[Given information — start]
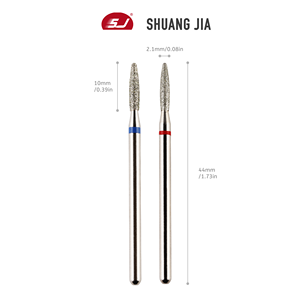 SHUANGJIA di alta qualità a forma di fiamma lunga diamante cuticola fresatura punte elettrico <span class=keywords><strong>lima</strong></span> per <span class=keywords><strong>unghie</strong></span> per Gel Manicure - Product Image 4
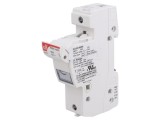 Clema Siguranțe 14x51mm pentru Șină DIN 50A Gri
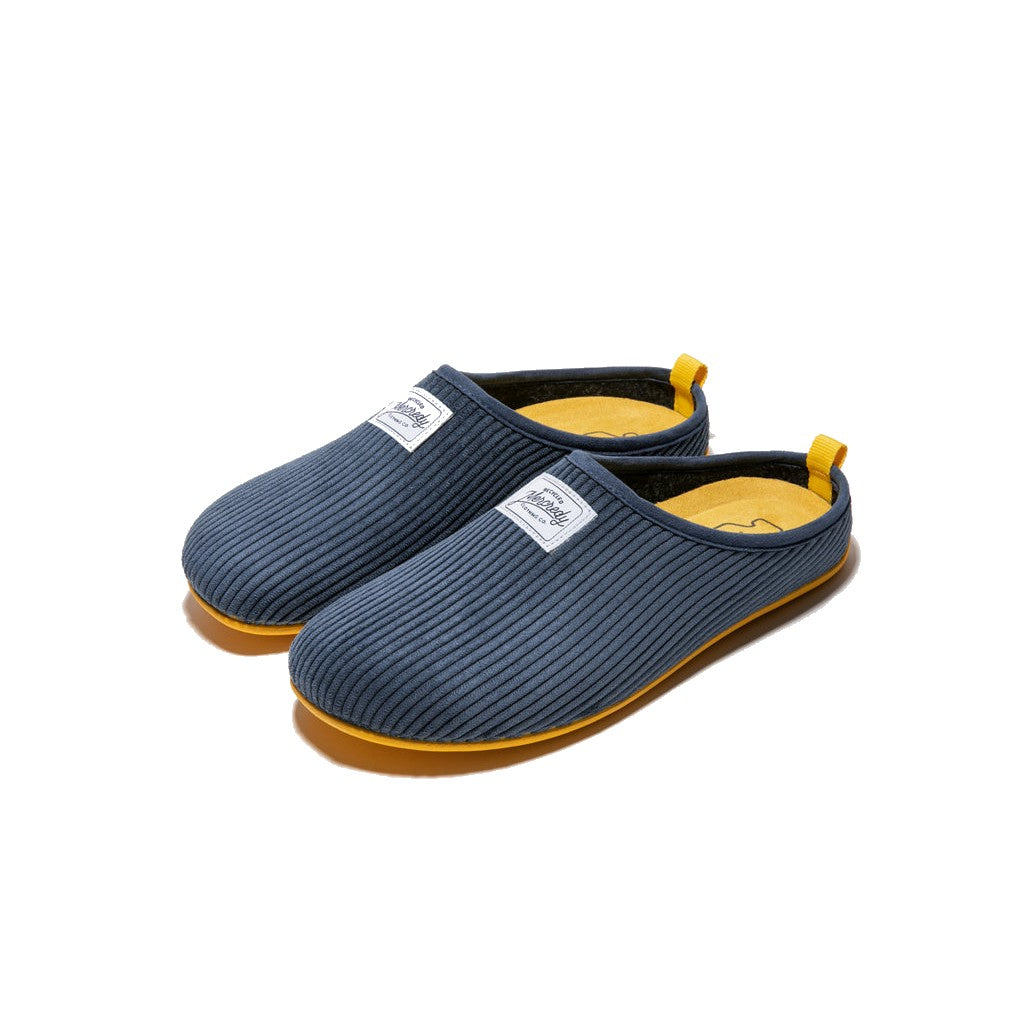 Mercredy Blue & Yellow Cord Slippers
[Given information — finish]
About this exercise ::
With the pictures removed, output the listing above exactly.

Result of the task ::
 SHUANGJIA di alta qualità a forma di fiamma lunga diamante cuticola fresatura punte elettrico <span class=keywords><strong>lima</strong></span> per <span class=keywords><strong>unghie</strong></span> per Gel Manicure - Product Image 4
 Clema Siguranțe 14x51mm pentru Șină DIN 50A Gri
 Mercredy Blue & Yellow Cord Slippers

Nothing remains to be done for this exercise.